HCM City targets next-generation agritech innovation

July 01, 2026 - 18:25
With 50 years of development and a successful transition from traditional production to high-tech farming behind it, HCM City is now building a green, smart, and sustainable agricultural sector with the ambition of becoming a leading innovation hub in Việt Nam and the wider region.
A linh chi (Ganoderma lucidum) mushroom cultivation model that uses IoT at the HCM City High-Tech Agricultural Park. — VNA/VNS Photos Hương Giang

HCM CITY — With 50 years of development and a successful transition from traditional production to high-tech farming behind it, HCM City is now building a green, smart, and sustainable agricultural sector with the ambition of becoming a leading innovation hub in Việt Nam and the wider region.

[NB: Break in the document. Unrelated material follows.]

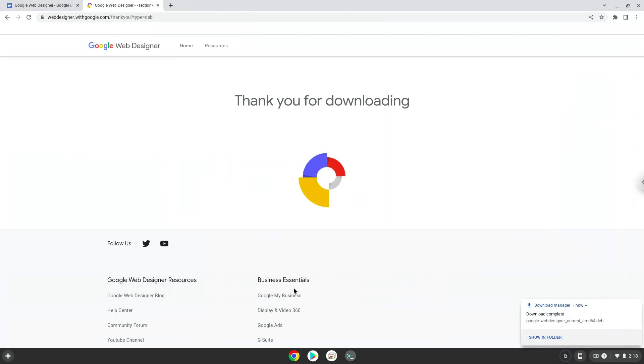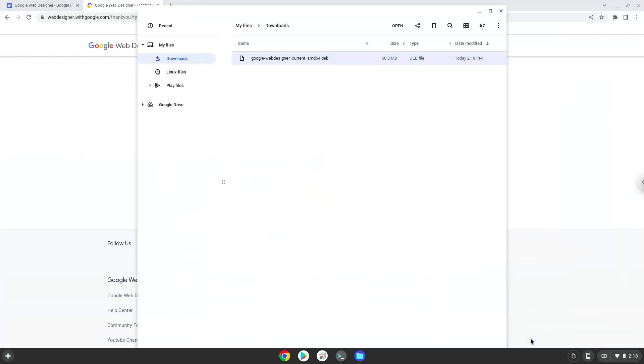Now we will install it. Open it in your file manager.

With limited land for physical expansion, the southern economic locomotive is reshaping its agricultural landscape by focusing on biotechnology, artificial intelligence, big data, and the circular economy.

The driving force behind this transformation has shifted from State-backed programmes to pioneering businesses leading agricultural value chains.

Their growing role has fundamentally changed the city’s agricultural mindset, shifting from supply-driven production to market-oriented models that prioritise quality, traceability, and added value.

Trần Nguyễn Khánh Vy, deputy director of Goodlife Company, said the city’s agriculture had evolved from relying on traditional experience and production volume to focusing on food safety and international standards.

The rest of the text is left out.